■ **RECORDS FOR THIS EXERCISE**
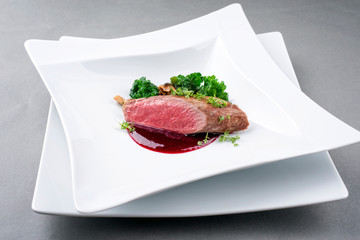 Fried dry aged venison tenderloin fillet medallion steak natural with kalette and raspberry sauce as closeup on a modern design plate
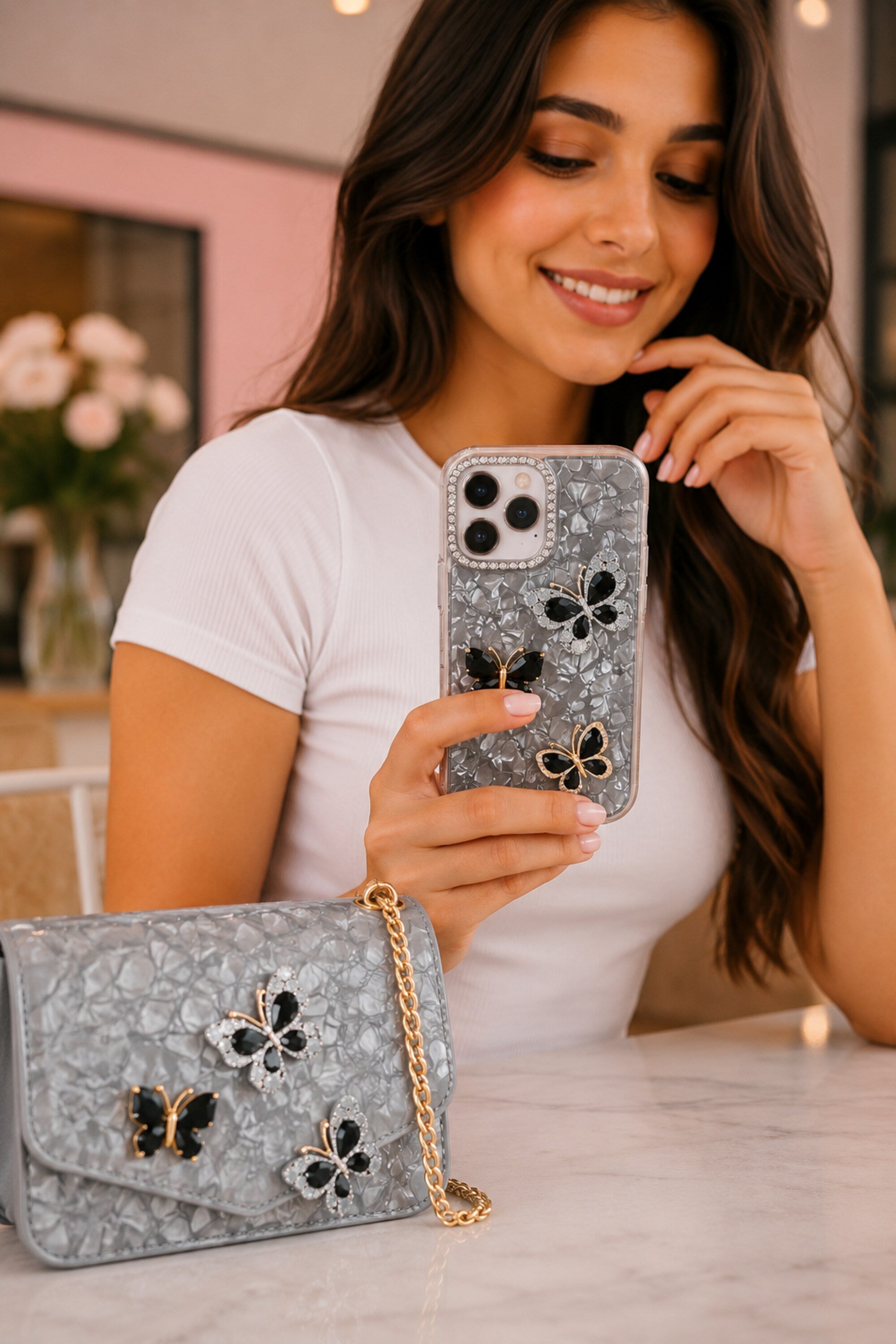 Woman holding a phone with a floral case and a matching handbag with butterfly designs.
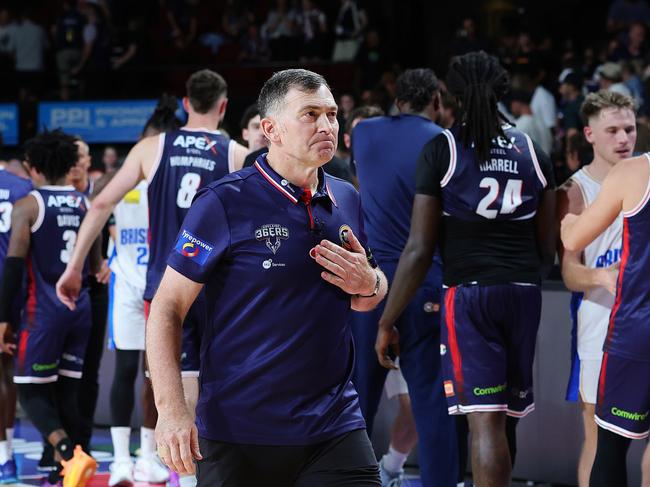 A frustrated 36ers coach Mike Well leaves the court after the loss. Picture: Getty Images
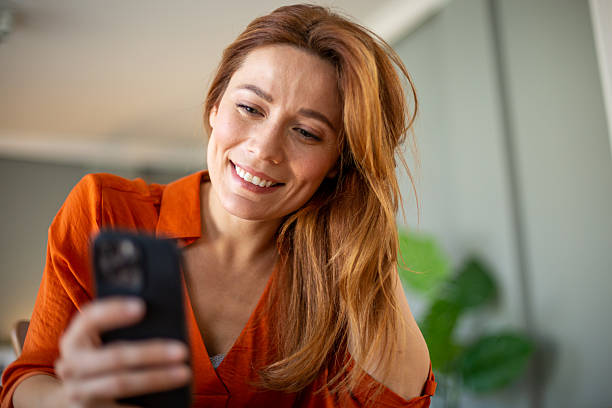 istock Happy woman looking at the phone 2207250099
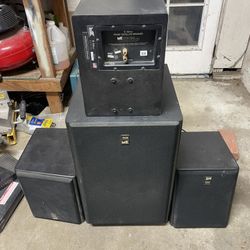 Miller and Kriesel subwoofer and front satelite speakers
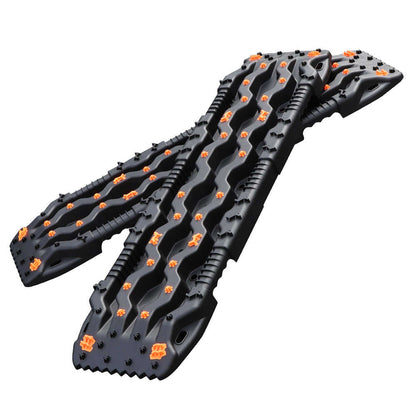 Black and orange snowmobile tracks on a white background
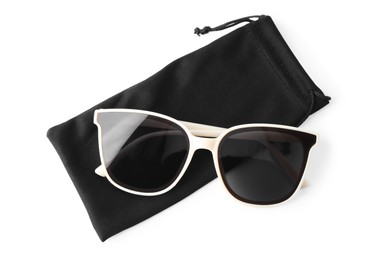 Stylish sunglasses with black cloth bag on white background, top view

■ **TASK DETAILS**
Leave the pictures out and please restate exactly the lines running from the start of the material through the one with "Woman holding a".

■ **ANSWER**
 Fried dry aged venison tenderloin fillet medallion steak natural with kalette and raspberry sauce as closeup on a modern design plate
 Woman holding a phone with a floral case and a matching handbag with butterfly designs.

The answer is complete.